I was then going to make the compiler recognize some idiomatic C
constructs like "struct foo *p = malloc(10 * sizeof(foo));" and
internally translate them to something like "struct foo *p = new
foo[10];". Hopefully there could eventually be discriminated unions so
that I could declare something like "union foo { char *p; int *q; long
b; short a; };" and this would be internally translated to "struct foo
{ int which; union { char *, int *, data[4] } };" and the field
"which" would be set to 0, 1 or 2 depending on whether a char *, an
int *, or plain old data had been stored there. That way, when you
access a given field of the union it can validate that the correct
thing was stored there earlier. Also, with a little bit of syntactic
sugar we could implement intptr_t as "union { void *p; int a; };" to
increase compatibility with C.
If we do it like this, then your P-system idea works quite well,
because the memory space doesn't exist anymore, it's an OO database.
cheers, Nick
On Mon, Jan 2, 2017 at 5:01 PM, Steve Nickolas <usotsuki(a)buric.co> wrote:
On Mon, 2 Jan 2017, Nick Downing wrote:
What I want to do is go back to a REALLY SIMPLE
unbloated system,
which is why I am very interested in 2.11BSD (you probably saw my
earlier posts about the 2.11BSD system and potential port to Z180 and
so on). And then I want to define the ONE TRUE WAY(TM) of doing each
thing. But before I do this I want to go right back to basics and look
at the object model used in the operating system itself. For instance
the stuff like the oft (open file table), inode table, the filesystem
table (I mean Sun VFS which isn't in 2.11BSD AFAIK but eventually
should be), the device table and so on. And also the user-visible
objects like files, sockets etc which map to kernel objects.
So once I have sorted all this out and created an object model that
the kernel can use efficiently, with compiler support (like C++
without the bloat, like java with internal pointers and ability to get
at the bits and bytes of your objects, like C without all the void *
stuff and with automatic handling of stuff like vtables), and
converted the kernel and all drivers to use it, then I think I will
have an object model that is useful in practice. So my idea then is to
export it to userlevel, so that userland programs can be rewritten
into this new C-like object oriented language and calls like: count =
read(fd, buf, size) would change to: count = fd.read(buf, size) since
kernel objects are objects. There would also be a compatibility layer
that allows you to keep a table of integer fds and their kernel
objects in userspace for porting.
After this I would start to look at popular libraries like the C
library or the X-Window system, and convert them to use the new object
model, while also providing the compatibility layer as I did for the
kernel interface. Ultimately the result would be a bit like Java, but
using all the familiar Unix objects and familiar Unix calling
conventions (such as argument passing by reference or malloc/memcpy
stuff that Java can't do). Also without any header files or
boilerplate of any description, which is one of my pet peeves with
Java, C, C++ etc.
I really think that the solution to bloat is to go through and rewrite
everything to do things in a more standardized way with more reuse.

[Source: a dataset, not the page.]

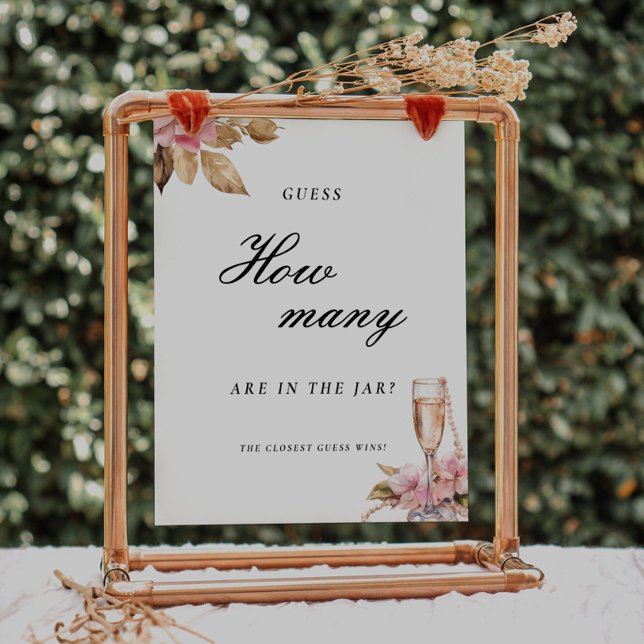 Pearls Prosecco Guess How Many Bridal Shower Sign (Creator Uploaded)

Also I think that the massive amount of bloat arises to some extent
because the environment lends itself to writing non maintainable code
(for example you have to write loads of boilerplate and synchronize
function definitions in various places, which discourages you from
changing a function definition even if that's the right thing to do in
a situation). So there's always the temptation to add another
compatibility layer rather than dealing with the bloat. Rewriting
things in a much more minimal and maintainable style is the answer.
Another reason for bloat is that authors have to support millions of
slightly different systems. My idea is to totally standardize it, like
POSIX but much more drastically so. Think about Java, it defines a
strict virtual machine so there's nothing to change when you port your
code to another platform. I haven't totally decided how to handle
word-size issues in this context, but I am sure there is a way.
This vaguely reminds me of an idea I had a couple years ago, but never
mentioned because I thought it might be perceived as daft.
I had the idea of writing a virtual machine specifically tailored to running
C code, with a virtual operating system similar to Unix. On the surface it
would probably feel like running Unix under an emulator, but the design
would probably be a bit less baroque, because everything would be designed
to work together cleanly.
Like the mutant child of Unix and UCSD Pascal, I suppose.
-uso.